(WORK ITEM) Reproduce each line from the records that holds "House".

(Scraped caption text data)
________________________
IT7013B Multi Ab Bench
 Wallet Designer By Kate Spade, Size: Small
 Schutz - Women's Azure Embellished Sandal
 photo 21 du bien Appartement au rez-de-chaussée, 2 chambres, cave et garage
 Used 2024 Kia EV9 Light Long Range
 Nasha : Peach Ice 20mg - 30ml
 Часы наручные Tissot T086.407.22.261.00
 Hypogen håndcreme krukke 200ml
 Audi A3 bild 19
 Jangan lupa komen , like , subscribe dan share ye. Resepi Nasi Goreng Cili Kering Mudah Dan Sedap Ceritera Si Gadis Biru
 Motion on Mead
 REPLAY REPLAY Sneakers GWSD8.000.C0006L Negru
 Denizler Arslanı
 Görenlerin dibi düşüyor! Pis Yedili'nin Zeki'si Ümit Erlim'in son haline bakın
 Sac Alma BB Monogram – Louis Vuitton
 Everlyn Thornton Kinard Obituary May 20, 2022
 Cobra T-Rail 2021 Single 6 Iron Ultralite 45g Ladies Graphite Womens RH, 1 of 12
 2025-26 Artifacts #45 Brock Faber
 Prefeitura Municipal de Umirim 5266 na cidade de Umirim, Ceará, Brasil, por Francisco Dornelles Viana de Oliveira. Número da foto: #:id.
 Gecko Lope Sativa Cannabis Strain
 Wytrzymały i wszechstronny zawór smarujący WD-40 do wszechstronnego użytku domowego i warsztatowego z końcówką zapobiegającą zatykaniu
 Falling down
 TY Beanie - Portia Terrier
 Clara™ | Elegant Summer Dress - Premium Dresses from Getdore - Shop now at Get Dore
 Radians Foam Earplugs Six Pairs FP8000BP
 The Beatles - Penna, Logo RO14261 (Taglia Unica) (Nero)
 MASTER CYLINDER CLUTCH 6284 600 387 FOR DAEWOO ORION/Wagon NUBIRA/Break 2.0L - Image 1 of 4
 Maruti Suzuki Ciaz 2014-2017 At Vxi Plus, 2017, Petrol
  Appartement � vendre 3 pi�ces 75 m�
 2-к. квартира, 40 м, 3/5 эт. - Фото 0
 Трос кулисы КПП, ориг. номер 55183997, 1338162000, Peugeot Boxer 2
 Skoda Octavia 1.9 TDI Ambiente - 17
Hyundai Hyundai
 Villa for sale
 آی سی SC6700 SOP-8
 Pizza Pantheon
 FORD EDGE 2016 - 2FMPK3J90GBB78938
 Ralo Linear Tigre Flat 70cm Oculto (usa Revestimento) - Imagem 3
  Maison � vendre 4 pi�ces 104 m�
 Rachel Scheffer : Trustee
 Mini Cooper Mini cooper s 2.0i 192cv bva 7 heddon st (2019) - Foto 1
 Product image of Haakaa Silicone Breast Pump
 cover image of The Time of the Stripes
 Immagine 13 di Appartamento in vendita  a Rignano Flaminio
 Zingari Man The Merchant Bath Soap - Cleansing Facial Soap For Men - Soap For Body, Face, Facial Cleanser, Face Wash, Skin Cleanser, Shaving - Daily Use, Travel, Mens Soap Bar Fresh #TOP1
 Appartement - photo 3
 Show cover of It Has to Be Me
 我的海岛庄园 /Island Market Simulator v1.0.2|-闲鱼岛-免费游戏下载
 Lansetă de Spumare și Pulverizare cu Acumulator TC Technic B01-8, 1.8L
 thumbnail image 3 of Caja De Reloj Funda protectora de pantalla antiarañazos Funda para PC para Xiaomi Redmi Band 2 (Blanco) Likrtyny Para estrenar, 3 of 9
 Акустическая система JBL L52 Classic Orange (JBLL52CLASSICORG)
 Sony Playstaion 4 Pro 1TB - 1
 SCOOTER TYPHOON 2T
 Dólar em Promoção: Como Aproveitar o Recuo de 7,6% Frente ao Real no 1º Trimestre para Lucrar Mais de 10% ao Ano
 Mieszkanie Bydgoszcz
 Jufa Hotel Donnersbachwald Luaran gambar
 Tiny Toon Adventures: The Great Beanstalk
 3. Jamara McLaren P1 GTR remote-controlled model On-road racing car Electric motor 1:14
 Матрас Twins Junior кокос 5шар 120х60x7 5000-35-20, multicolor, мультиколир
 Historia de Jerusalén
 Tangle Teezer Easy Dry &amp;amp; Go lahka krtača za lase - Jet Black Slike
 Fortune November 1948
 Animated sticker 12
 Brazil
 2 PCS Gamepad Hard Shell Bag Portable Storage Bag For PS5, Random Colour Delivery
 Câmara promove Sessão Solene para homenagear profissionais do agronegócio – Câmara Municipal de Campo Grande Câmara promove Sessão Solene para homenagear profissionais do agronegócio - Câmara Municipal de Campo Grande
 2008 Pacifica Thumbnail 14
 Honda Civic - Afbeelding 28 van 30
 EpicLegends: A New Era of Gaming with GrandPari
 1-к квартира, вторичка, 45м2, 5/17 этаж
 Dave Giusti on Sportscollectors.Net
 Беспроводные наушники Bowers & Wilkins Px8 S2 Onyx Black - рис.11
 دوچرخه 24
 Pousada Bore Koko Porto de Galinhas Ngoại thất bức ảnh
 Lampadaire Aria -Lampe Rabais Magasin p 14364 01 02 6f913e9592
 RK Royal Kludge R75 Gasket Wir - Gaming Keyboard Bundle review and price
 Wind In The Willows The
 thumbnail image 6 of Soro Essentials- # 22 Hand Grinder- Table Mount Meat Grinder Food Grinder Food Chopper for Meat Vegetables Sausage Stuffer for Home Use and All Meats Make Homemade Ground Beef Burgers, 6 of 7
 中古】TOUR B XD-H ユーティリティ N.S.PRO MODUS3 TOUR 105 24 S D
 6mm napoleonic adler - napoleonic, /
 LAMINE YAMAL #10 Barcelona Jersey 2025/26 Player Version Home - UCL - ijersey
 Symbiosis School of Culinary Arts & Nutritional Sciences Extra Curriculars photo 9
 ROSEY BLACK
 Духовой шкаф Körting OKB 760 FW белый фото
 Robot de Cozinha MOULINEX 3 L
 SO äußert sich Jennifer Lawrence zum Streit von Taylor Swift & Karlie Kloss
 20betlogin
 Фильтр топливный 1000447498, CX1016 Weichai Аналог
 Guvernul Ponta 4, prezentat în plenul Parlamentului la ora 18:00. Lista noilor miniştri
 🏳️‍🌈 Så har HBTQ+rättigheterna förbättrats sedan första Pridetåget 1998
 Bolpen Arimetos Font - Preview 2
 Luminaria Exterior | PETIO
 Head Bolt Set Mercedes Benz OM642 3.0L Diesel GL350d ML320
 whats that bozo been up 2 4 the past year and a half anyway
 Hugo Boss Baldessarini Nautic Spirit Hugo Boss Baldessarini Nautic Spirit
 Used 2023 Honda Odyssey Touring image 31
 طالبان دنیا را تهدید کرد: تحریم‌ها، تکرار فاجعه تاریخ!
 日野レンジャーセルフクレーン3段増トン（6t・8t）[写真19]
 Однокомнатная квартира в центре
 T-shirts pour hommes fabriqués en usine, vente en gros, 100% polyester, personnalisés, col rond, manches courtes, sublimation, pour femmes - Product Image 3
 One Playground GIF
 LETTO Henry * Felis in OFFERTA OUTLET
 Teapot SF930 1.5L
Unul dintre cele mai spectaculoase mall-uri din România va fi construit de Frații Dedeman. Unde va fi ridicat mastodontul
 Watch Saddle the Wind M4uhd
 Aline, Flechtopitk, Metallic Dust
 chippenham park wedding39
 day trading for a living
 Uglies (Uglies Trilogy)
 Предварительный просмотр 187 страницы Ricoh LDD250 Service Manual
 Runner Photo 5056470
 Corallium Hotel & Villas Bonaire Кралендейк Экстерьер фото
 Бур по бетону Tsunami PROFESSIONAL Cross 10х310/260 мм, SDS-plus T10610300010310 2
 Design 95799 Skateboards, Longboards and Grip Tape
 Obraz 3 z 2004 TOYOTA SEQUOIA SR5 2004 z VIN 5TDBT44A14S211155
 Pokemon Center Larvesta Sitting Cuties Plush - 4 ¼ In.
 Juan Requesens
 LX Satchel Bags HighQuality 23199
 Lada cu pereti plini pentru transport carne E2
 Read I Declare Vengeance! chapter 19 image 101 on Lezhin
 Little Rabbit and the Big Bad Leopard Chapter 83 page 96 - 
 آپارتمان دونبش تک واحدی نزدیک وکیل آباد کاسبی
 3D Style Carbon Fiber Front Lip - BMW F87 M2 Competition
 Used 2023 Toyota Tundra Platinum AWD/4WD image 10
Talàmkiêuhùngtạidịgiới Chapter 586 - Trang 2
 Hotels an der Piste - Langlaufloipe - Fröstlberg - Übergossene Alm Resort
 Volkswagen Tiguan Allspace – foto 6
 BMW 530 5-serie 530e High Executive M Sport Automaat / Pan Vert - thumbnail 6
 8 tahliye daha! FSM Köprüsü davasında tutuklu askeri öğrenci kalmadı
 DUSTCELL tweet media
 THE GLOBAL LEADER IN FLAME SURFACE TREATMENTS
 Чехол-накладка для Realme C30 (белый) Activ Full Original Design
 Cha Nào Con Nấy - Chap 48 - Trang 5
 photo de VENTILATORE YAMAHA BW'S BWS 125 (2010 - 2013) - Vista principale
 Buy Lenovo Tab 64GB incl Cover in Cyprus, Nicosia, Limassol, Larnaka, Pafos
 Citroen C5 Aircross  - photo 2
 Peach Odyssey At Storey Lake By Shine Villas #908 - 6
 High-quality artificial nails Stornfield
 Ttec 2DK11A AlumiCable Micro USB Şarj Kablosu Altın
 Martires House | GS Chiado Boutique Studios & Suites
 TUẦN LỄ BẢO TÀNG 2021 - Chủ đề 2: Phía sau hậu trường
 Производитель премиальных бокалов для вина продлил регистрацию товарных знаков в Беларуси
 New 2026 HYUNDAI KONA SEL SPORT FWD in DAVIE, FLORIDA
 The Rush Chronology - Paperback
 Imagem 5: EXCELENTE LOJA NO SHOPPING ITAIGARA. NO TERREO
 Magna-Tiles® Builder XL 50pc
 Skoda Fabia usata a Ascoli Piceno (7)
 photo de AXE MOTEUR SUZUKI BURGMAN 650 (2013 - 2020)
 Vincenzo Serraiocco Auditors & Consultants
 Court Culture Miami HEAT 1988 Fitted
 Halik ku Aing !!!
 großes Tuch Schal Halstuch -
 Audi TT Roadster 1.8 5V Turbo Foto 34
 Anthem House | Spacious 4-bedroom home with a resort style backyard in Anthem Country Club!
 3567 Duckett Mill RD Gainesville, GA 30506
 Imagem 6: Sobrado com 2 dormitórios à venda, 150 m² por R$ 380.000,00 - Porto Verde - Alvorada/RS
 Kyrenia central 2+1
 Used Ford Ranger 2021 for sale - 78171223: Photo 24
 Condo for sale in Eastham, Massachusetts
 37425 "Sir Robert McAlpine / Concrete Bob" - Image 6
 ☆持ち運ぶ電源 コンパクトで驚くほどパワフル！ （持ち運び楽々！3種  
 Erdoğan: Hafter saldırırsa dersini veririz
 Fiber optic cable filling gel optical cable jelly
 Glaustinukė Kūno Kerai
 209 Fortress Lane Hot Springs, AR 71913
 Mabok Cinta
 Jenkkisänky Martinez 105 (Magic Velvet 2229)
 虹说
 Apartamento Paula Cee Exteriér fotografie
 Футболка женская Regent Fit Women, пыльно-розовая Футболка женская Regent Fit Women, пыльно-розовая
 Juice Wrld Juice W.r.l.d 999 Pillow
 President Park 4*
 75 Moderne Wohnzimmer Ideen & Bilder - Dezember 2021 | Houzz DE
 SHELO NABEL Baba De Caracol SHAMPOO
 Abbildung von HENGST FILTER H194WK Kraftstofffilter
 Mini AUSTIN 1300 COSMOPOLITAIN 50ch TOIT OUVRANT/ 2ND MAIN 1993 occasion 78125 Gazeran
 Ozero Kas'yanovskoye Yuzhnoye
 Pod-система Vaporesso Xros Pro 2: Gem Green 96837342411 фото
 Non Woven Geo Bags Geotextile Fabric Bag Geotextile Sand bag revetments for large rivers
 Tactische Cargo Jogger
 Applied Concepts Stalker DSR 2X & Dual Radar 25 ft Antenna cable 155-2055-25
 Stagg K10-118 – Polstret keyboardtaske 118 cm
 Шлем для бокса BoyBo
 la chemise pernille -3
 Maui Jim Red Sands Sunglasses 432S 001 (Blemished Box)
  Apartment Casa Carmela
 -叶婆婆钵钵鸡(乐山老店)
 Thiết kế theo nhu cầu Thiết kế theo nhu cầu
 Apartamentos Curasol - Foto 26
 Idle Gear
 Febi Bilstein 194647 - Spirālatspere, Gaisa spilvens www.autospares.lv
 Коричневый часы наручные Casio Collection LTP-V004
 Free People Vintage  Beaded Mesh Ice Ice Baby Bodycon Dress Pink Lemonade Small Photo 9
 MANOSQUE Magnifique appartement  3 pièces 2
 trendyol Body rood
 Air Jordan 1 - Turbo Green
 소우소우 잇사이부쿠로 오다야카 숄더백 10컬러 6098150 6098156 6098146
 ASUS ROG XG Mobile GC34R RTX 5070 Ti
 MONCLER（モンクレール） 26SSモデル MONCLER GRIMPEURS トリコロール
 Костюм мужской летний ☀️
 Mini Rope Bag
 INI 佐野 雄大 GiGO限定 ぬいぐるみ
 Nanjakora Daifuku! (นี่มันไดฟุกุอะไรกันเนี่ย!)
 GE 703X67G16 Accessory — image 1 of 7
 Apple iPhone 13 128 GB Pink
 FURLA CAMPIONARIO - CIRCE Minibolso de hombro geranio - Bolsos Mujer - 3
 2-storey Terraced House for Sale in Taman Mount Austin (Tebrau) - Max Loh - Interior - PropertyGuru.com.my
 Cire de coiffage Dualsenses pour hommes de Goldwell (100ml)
________________________
(ANSWER BELOW)
 Martires House | GS Chiado Boutique Studios & Suites
 Anthem House | Spacious 4-bedroom home with a resort style backyard in Anthem Country Club!
 2-storey Terraced House for Sale in Taman Mount Austin (Tebrau) - Max Loh - Interior - PropertyGuru.com.my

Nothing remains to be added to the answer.